The House Judiciary Committee advanced a bill seeking to repeal gun-free zones in schools, at the University of Wyoming and in a variety of other government settings.
It’s one of several bills this session expanding who is allowed to carry and where concealed carry is allowed.
House Bill 172 outlines several locations where anyone may carry a concealed weapon — including local government and legislative meetings. It also outlines several locations where those bearing a state-issued concealed carry permit may bring a gun — including “[a]ny public elementary or secondary school facility” and “[a]ny public college or university facility,” as well as any alcohol-free athletic event hosted by either.
“This opens up state-funded facilities, the Capitol, Herschler [Building], all of those buildings … for concealed carry,” said Wheatland Rep. Jeremy Haroldson (HD-4), the bill’s primary sponsor. “So this would open up our community colleges, and would also open up the University of Wyoming.”

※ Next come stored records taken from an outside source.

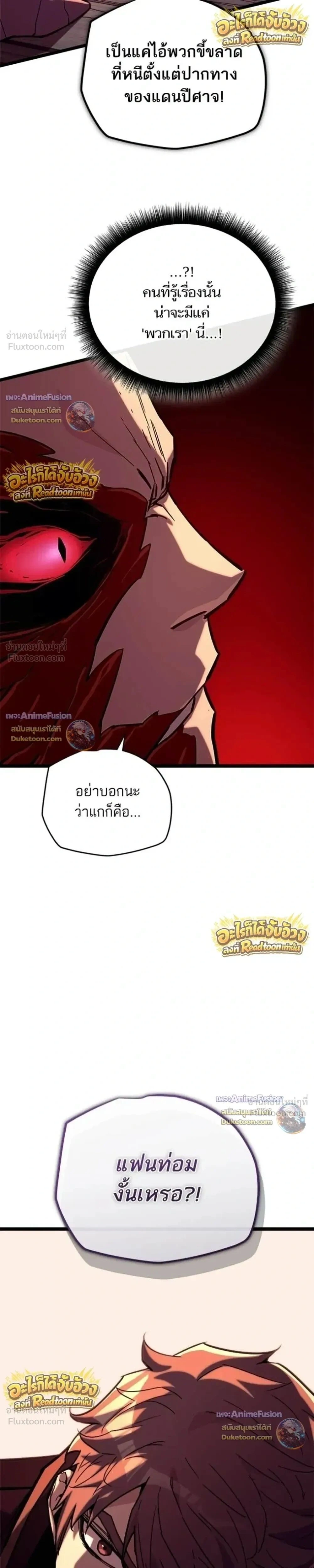 หน้าที่ 35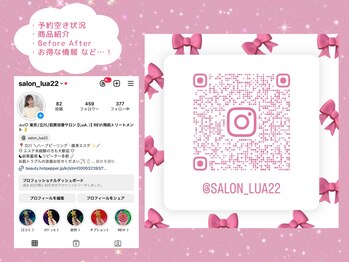 ルア(LuA.)/☆Instagram☆ 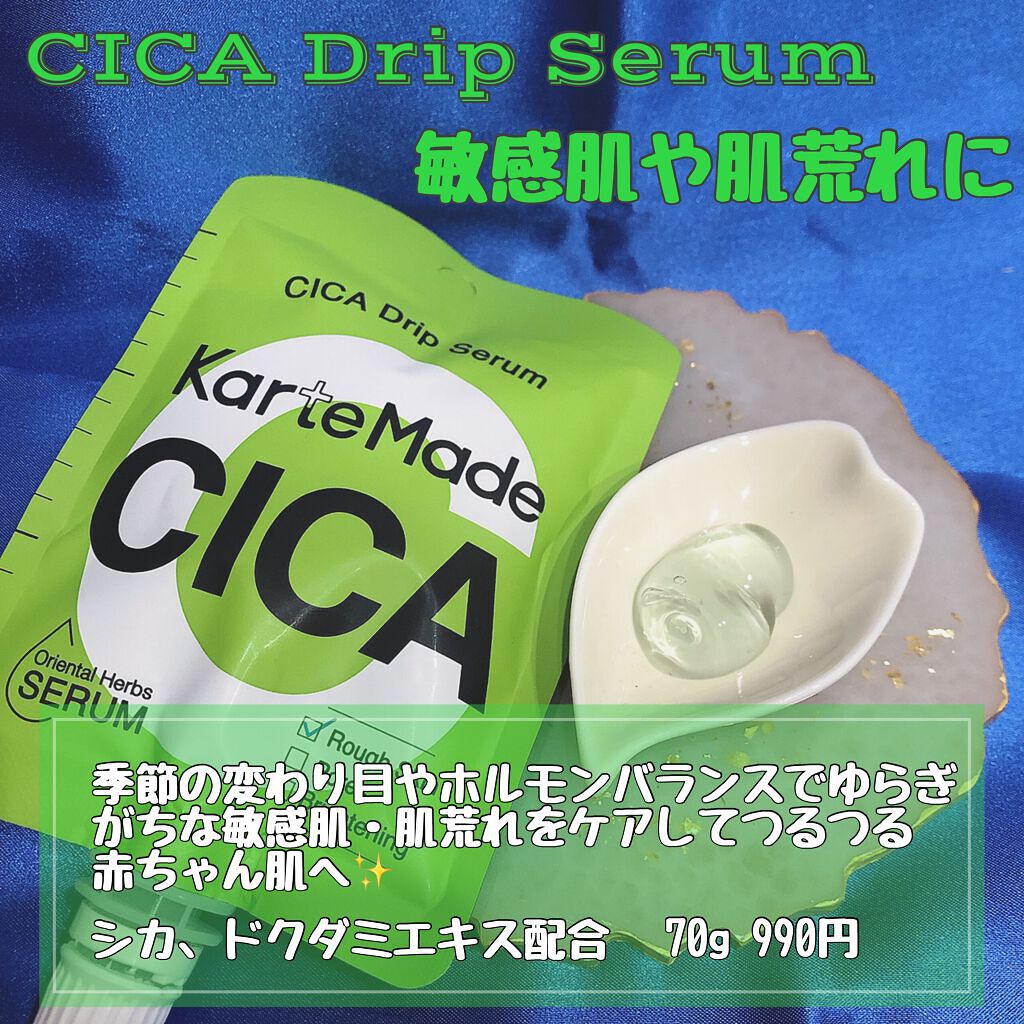 志音 on LIPS 「⚠️これ飲み物ではありません!美容液なんです🤭‼️⚠️..」(4枚目)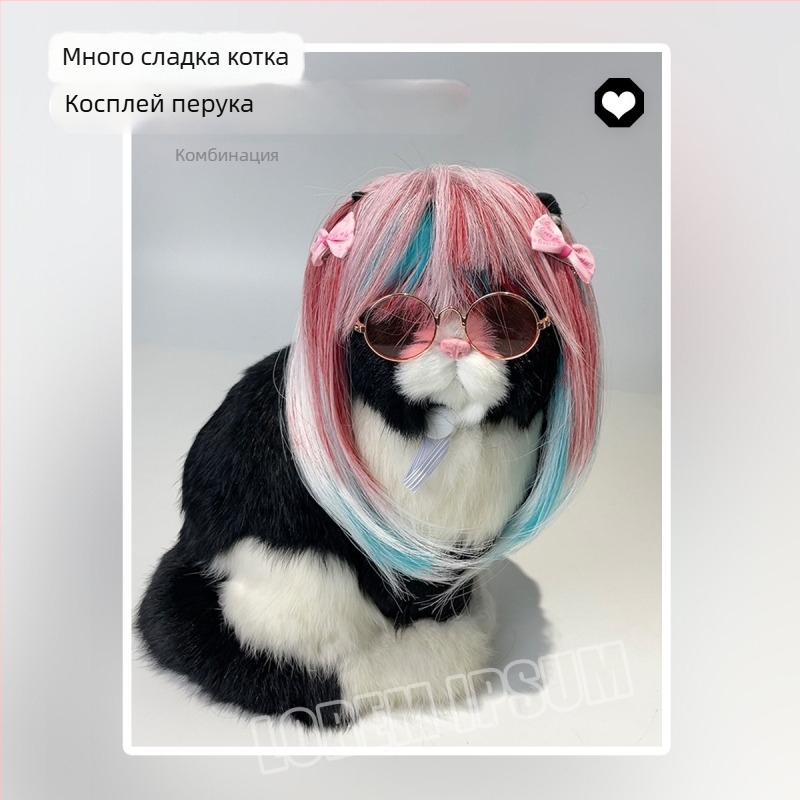 Дълга перука за домашни любимци за котки и кучета – плоско тъкане, термоустойчива жица, принцес стил, за всички сезони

The bill is limited to concealed carry in government buildings — whether that’s constitutional concealed carry or state-permitted concealed carry. It does not apply to private businesses and does not allow the open carrying of firearms into government buildings.
“We do not need someone with an AR-15 slung across their chest standing in the balcony at the Capitol while we’re doing a vote on a contentious issue,” Haroldson said. “That’s not someone bearing arms and having the right. That’s someone being intimidating and causing a scene. Now, that doesn’t mean that people shouldn’t be able to defend themselves and have the right to defend themselves, but we don’t need to have it in an open carry status.”
The committee met Friday to receive public testimony, adjourning and reconvening Monday morning to amend and ultimately advance the bill. The committee voted 8-1 in favor of the bill, with Laramie Rep. Ken Chestek (HD-13) casting the sole dissenting vote.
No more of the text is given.